→ Data to examine
- Opening Delimiter -

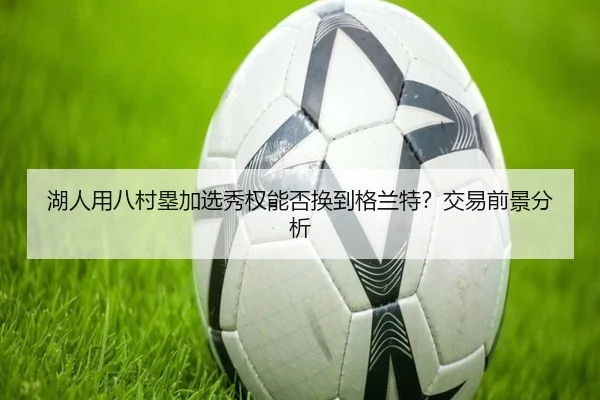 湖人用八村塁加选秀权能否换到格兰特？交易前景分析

- Closing Delimiter -
- Opening Delimiter -

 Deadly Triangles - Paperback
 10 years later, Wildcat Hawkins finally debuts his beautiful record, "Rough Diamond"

- Closing Delimiter -
- Opening Delimiter -

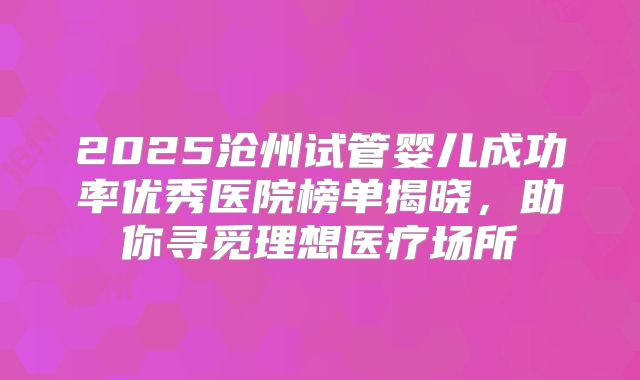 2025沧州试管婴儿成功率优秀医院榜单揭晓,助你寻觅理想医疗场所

- Closing Delimiter -

→ Problem requirements
In the listing above, transcribe exactly everything from the line containing "Deadly Triangles - Paperback" down to the line containing "10 years later, Wildcat", including both and nothing more.

→ Exercise response
 Deadly Triangles - Paperback
 10 years later, Wildcat Hawkins finally debuts his beautiful record, "Rough Diamond"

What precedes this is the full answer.